I. Le sens de la décision
A. Extinction du bail par remise des clés et inutilité de statuer sur la résiliation
La juridiction constate la sortie des lieux et le désistement d’expulsion pour en déduire l’extinction du bail, rendant superfétatoire tout débat sur la résiliation. La formule « il n’y a donc pas lieu de se prononcer sur la résiliation du bail » articule clairement la conséquence juridique de la remise des clés, qui opère ici comme événement extinctif. Le juge tranche ainsi le périmètre du litige en conservant les seules demandes pécuniaires, cohérentes avec l’obligation post-contractuelle de paiement.

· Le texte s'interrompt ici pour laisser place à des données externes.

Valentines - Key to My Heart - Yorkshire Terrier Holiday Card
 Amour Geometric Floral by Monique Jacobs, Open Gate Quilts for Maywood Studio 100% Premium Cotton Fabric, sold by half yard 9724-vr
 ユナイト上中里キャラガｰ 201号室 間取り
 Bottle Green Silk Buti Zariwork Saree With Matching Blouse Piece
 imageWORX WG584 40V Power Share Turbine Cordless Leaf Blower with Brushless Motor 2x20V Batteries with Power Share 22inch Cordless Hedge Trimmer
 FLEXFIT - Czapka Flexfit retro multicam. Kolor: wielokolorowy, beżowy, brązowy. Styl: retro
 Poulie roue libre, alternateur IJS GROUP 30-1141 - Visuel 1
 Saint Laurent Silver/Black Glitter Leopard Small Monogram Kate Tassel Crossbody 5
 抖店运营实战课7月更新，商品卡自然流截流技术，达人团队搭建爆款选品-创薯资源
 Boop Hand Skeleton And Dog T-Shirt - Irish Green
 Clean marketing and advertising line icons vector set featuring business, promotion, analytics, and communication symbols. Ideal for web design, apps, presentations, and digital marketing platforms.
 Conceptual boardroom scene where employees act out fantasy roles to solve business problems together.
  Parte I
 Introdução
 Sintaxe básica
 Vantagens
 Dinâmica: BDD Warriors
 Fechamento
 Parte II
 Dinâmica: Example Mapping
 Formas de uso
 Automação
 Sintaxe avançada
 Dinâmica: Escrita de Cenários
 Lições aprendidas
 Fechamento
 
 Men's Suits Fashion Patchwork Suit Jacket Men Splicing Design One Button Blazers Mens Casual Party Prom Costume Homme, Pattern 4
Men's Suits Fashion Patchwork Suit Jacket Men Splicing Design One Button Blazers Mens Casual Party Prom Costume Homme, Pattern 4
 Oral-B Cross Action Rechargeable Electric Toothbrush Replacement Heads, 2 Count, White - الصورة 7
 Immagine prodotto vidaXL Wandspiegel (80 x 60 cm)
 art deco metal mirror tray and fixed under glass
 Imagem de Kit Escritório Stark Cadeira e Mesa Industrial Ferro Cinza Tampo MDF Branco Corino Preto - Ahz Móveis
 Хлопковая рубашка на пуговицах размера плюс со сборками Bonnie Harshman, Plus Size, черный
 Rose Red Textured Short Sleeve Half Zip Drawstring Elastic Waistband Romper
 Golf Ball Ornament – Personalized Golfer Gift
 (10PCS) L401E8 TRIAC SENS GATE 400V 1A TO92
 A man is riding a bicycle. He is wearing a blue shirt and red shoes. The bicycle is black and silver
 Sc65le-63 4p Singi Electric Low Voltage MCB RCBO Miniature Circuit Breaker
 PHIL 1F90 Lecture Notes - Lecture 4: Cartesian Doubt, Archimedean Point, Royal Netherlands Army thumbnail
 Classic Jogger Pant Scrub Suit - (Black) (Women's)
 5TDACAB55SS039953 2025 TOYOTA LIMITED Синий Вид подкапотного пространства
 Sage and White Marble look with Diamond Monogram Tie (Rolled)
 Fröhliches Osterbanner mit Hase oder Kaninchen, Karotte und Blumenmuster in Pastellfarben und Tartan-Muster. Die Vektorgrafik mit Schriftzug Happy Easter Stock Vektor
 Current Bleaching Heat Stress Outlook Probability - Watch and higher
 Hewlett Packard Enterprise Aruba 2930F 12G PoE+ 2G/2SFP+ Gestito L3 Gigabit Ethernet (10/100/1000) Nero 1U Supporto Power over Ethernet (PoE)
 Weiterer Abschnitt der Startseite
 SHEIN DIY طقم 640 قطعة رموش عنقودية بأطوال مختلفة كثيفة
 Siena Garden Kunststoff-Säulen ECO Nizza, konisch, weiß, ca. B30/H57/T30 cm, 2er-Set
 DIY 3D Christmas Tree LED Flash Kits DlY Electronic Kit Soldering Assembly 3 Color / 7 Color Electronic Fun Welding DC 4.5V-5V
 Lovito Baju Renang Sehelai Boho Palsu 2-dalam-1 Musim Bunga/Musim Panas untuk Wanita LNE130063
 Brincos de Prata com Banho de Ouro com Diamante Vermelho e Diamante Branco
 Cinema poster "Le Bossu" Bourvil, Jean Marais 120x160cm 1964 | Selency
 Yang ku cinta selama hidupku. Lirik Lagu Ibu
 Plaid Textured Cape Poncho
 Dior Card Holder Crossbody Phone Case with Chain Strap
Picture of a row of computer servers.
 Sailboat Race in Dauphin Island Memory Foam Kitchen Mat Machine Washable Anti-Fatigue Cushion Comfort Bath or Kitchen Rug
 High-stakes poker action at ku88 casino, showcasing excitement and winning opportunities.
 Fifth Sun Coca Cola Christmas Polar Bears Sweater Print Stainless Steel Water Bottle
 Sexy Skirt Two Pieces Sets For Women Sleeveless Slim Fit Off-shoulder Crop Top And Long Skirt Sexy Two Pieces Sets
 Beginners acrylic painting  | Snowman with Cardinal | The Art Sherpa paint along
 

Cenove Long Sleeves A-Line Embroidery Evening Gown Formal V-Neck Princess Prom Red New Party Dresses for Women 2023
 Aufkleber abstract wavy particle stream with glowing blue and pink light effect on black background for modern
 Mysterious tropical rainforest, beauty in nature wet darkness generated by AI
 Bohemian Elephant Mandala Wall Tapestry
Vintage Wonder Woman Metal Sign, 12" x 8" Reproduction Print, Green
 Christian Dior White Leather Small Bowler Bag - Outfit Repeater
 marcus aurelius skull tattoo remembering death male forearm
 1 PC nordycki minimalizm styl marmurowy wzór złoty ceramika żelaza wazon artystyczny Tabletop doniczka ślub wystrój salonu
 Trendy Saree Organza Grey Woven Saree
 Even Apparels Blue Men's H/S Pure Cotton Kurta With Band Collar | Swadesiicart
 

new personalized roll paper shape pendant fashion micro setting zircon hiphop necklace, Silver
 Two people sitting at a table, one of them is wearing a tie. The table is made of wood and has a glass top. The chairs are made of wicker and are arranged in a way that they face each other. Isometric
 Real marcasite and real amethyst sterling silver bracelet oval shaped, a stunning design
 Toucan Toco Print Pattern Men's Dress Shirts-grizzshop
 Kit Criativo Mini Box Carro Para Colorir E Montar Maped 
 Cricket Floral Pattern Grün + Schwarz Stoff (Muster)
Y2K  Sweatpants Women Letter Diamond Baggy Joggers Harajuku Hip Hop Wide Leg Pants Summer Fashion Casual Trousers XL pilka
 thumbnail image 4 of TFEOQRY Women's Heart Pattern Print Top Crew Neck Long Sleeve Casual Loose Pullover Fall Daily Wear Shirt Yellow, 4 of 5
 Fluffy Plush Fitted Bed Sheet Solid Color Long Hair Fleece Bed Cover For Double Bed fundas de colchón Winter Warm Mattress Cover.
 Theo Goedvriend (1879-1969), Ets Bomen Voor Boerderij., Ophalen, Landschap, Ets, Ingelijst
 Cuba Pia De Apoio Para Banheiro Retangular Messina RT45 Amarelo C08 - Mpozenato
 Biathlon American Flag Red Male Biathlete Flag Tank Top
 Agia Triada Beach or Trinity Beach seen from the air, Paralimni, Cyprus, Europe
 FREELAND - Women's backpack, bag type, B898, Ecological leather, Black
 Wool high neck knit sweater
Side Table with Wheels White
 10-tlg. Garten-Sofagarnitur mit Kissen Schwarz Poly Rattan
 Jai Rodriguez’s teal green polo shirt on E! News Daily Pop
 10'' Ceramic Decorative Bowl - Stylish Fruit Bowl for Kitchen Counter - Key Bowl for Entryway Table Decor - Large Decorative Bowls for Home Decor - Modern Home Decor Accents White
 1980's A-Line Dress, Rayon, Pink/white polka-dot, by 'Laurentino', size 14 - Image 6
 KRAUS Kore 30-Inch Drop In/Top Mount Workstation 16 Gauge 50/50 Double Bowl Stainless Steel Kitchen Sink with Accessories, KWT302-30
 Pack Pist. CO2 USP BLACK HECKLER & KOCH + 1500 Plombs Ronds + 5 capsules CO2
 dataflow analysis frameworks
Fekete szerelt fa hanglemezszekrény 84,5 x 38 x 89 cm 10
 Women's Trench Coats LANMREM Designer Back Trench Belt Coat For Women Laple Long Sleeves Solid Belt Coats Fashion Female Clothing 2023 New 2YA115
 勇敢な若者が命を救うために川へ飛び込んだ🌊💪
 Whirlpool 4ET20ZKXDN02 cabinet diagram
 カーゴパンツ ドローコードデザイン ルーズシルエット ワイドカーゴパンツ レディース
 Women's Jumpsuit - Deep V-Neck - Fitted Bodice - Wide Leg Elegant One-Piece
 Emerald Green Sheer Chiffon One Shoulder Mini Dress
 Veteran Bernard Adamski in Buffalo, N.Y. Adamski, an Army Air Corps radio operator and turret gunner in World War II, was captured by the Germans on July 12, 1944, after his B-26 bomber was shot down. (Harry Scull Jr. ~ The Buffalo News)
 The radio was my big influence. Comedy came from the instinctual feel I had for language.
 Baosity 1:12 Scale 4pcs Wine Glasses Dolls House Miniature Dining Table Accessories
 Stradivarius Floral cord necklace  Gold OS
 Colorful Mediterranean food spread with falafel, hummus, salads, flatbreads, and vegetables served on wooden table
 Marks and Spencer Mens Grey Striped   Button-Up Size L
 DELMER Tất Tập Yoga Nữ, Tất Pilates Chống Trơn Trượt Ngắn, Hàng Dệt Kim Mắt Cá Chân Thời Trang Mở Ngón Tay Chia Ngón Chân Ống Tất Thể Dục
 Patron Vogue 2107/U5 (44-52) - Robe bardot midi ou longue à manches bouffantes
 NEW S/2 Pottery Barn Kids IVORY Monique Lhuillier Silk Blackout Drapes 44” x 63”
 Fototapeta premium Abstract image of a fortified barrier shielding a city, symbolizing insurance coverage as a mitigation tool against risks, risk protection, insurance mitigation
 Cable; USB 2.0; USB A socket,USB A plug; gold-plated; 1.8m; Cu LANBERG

Cette approche respecte l’office du juge en présence d’un chef devenu sans objet et préserve la lisibilité du dispositif. Le rappel de la date précise de restitution, corrélée au désistement, établit une causalité suffisante entre la remise des clés et la caducité des prétentions d’expulsion.
B. Liquidation de la dette, intérêts et titre exécutoire
La juridiction se fonde sur l’historique de compte et le commandement pour déterminer le solde exact au jour de la sortie, sous déduction des frais de rappel et du dépôt de garantie. Elle fixe le point de départ des intérêts au taux légal à la date du commandement pour la fraction correspondante, puis au jour du départ pour le surplus, ce qui garantit la proportionnalité temporelle des accessoires.
La solution est précisément motivée par la mention selon laquelle « la dette est donc assortie des intérêt au taux légal à compter du 30-09-24 ». L’adossement explicite au commandement confère au titre sa densité probatoire, tandis que la référence à l’exécution provisoire de droit renforce l’efficacité de la condamnation.
II. Valeur et portée de la solution
A. Délais de paiement et équilibre des intérêts créancier‑débiteur
La décision accorde des délais « en raison de la situation financièrek des défendeurs », ce qui s’inscrit dans le pouvoir d’appréciation encadré du juge pour échelonner la dette. Le montant de six cents euros mensuels, limité à vingt‑quatre mensualités, matérialise une balance entre solvabilité alléguée et exigence de recouvrement utile, assortie d’une déchéance du terme en cas d’incident.
Cette modulation honore le principe de proportion, sans altérer la nature de la dette ni l’autorité du titre. Elle favorise une exécution réaliste, tout en prévenant l’inaction par la clause d’exigibilité anticipée, qui demeure un outil dissuasif adapté à la persistance d’impayés.
B. Exécution provisoire, dépens et articulation des accessoires
Le rappel selon lequel « les décisions de première instance sont de droit exécutoires à titre provisoire » souligne la volonté d’assurer l’effectivité du recouvrement malgré un recours éventuel. La condamnation aux dépens, incluant le coût du commandement, et l’allocation au titre des frais irrépétibles reflètent un usage mesuré des accessoires procéduraux.
La portée est pratique et immédiate : elle clarifie la gestion des contentieux post‑restitution en circonscrivant les débats à la dette et à son échelonnement. Elle incite ainsi les parties à formaliser rapidement la reddition des lieux et à documenter le solde, condition décisive pour une exécution utile et rapide du titre.